2025 Girls Astronomy Summer Camp Report

T. Andrew Manning, Research Scientist, National Center for Supercomputing Applications

Summary

I supported another successful UIUC Girls Astronomy Summer Camp, which was held July 7-11, 2025. This year I again deployed a dedicated JupyterHub service that allowed the students to run code in Jupyter notebooks independently on their own JupyterLab servers during the three tutorial sessions. My points of contact was camp instructor Janiris Rodriguez-Bueno.
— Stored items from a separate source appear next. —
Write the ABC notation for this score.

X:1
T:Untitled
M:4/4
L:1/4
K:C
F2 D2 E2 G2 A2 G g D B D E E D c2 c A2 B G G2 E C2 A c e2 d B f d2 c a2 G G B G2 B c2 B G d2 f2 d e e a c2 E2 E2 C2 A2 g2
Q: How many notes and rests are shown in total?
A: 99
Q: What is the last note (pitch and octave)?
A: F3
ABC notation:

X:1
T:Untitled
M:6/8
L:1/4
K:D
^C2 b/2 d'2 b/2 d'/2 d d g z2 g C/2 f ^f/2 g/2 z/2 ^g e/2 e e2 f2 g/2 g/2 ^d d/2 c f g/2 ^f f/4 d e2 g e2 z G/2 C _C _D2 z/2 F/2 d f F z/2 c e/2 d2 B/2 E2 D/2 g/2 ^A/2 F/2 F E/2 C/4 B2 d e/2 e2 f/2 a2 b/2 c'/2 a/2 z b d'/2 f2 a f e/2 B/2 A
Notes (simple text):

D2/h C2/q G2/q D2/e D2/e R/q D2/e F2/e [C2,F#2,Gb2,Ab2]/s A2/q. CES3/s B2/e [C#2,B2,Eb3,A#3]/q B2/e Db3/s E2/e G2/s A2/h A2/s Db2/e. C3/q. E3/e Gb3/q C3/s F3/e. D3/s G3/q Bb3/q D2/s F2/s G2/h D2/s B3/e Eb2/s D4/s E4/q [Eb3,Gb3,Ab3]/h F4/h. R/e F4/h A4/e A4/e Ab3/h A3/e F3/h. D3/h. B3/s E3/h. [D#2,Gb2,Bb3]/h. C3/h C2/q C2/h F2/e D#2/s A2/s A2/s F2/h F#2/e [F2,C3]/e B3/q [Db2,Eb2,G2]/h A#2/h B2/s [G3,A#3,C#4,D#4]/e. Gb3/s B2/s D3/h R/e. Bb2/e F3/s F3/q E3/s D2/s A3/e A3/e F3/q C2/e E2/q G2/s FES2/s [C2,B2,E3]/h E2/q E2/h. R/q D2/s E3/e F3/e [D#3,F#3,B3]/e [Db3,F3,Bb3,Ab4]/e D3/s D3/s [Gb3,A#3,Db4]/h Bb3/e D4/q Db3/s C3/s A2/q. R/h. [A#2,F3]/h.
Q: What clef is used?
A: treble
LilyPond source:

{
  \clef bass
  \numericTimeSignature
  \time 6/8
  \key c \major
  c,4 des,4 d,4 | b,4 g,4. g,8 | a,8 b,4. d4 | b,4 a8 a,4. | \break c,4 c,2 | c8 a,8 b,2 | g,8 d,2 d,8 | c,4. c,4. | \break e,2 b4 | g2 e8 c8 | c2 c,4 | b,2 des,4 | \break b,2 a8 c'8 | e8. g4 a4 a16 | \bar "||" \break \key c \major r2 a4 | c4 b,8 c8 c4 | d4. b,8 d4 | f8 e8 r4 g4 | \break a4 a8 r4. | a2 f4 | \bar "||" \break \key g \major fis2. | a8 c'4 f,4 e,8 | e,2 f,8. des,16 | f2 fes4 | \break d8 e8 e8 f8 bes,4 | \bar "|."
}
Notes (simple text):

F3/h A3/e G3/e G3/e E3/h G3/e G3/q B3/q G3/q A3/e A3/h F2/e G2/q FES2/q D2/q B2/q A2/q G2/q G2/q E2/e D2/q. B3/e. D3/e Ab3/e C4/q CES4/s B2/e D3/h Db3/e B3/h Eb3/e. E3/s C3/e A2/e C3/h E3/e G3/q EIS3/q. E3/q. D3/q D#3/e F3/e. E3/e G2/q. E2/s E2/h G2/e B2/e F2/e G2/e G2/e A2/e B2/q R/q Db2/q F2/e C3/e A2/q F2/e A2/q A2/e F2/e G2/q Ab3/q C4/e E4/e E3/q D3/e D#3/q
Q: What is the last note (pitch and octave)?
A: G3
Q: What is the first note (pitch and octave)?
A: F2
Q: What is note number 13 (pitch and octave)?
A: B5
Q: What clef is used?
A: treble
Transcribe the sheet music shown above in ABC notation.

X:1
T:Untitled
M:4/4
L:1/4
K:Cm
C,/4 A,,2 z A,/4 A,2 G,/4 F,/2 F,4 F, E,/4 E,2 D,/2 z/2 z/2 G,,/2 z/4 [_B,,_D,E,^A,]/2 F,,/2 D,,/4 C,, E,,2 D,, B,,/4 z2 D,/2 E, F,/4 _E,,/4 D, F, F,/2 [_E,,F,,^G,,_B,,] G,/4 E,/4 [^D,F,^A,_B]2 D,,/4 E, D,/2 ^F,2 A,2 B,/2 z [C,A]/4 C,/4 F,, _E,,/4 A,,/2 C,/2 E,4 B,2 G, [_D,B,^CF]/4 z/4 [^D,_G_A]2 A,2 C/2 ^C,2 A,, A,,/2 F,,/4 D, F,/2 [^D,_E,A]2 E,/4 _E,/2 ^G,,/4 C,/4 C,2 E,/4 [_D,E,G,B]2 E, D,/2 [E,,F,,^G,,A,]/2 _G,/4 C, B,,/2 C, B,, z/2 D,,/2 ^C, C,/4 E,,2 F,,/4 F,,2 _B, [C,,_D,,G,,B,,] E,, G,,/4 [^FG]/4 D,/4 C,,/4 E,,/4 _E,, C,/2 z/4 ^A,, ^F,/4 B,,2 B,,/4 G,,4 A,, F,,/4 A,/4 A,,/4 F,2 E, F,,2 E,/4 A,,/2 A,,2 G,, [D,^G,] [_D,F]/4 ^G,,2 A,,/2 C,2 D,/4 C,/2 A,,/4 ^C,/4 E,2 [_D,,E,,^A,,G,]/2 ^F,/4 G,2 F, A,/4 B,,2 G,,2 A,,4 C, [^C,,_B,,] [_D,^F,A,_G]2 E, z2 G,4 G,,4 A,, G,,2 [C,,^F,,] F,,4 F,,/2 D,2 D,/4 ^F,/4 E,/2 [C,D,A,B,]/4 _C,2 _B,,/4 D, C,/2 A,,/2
Identity and access management

Because they are in high school, the students needed local accounts that do not rely on an email address or a third-party service. Following last year’s method, I used the NativeAuthenticator plugin that makes it easy for hub admins to dynamically authorize users as they sign up to create their local JupyterHub accounts during the first tutorial session. This solution is the simplest while providing the most flexibility and control to the GASC instructors. Students can create their own username and password, and all the hub admins need to do is click the authorize button. Forgotten passwords can be easily reset by hub admins as needed.

Resource allocation and limits

This year we had 10 worker nodes (16 CPU / 60 GB each) at our disposal from an existing Kubernetes cluster that hosts the MUSES Calculation Engine service and the SPT-3G cutout service. To lower the risk of crashing nodes, I cordoned three of the workers to run the GASC JupyterLab servers and scaled back the other project services to confine them on the remaining nodes.

Each worker node had roughly 100GB available for fast local storage volumes, used to provide 1GB private storage to each server. A higher capacity NFS-mounted storage volume was mounted at /home/jovyan/shared, providing a shared filesystem between all servers.

There were 15 servers running concurrently during the tutorial sessions. The first two sessions consumed so little CPU it was not visible above the baseline “noise” in the usage chart. The third session, however, involved running machine learning algorithms to analyze data. A full run of the “solved” notebook took about 8 minutes in testing, during which the host server railed its limit of 2 cpu. During the tutorial session, the resource usage was significant, peaking around 6 cpu per worker node. The resource limits worked effectively to prevent destabilizing the worker nodes.

Testing

To test that the system could handle the maximum resource use while running all machine learning notebooks concurrently, I wrote a script to upload the solved notebook to all the servers and executed them via command line (jupyter execute /path/to/notebook.ipynb). The servers were launched using the button on the /hub/admin page.

#!/bin/bash

pods=(
    jupyter-vera-rubin---1197276e
    jupyter-ayn-rand---e13bf457
    ...
)

for pod in "${pods[@]}"; do
    echo $pod
    kubectl cp -n gasc-jupyterhub /home/andrew/Downloads/SeparatingStarsAndGalaxies_solved.ipynb ${pod}:/tmp/
done

for pod in "${pods[@]}"; do
    echo $pod
    kubectl exec -it -n gasc-jupyterhub ${pod} -- jupyter execute /tmp/SeparatingStarsAndGalaxies_solved.ipynb &
done